Your task: Would you repeat word for word the lines of the listing that follows, from the one with "28 Warren Avenue Property Photo 5" up to and including the one with "Building Photo - 2711 Goldspring Ln", and leave out the images?

Data in this exercise:
■ ■ ■ ■ ■

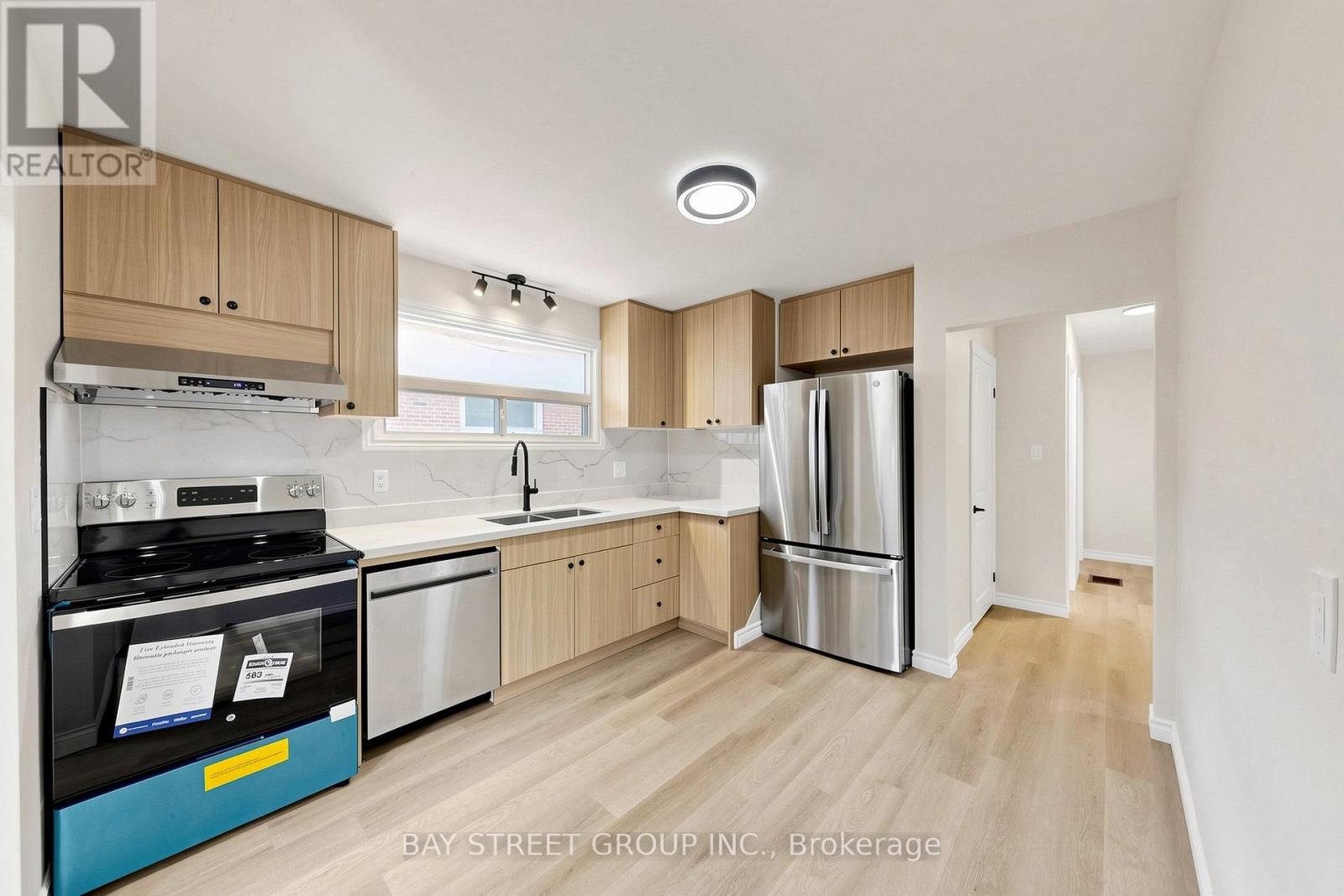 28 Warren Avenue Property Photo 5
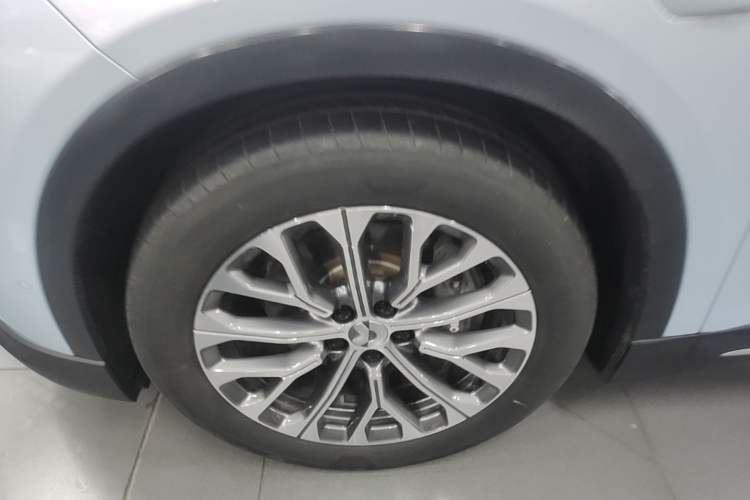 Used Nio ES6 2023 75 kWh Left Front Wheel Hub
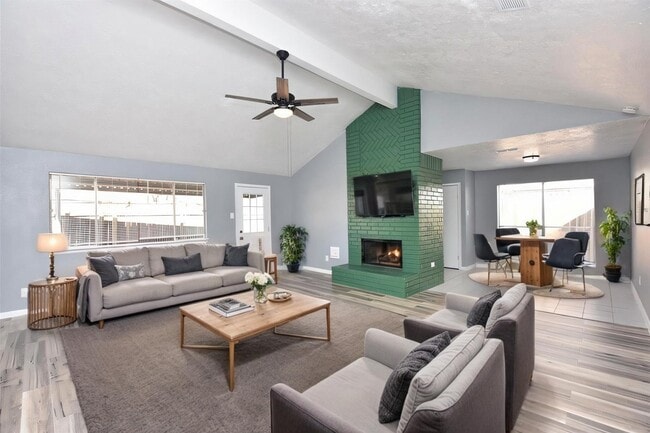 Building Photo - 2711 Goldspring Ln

■ ■ ■ ■ ■

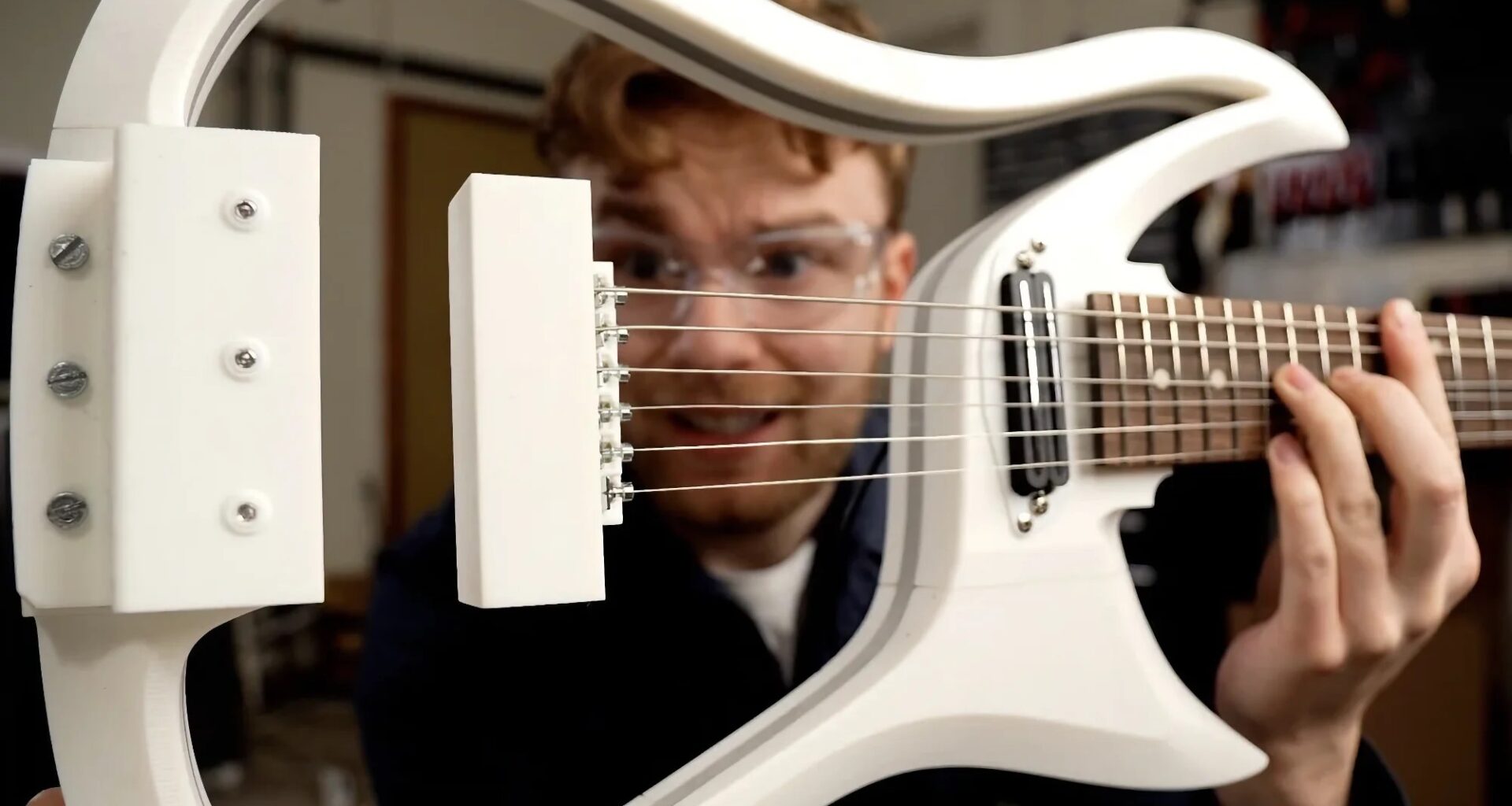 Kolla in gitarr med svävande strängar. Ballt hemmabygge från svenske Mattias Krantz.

■ ■ ■ ■ ■

Exercise response:
 28 Warren Avenue Property Photo 5
 Used Nio ES6 2023 75 kWh Left Front Wheel Hub
 Building Photo - 2711 Goldspring Ln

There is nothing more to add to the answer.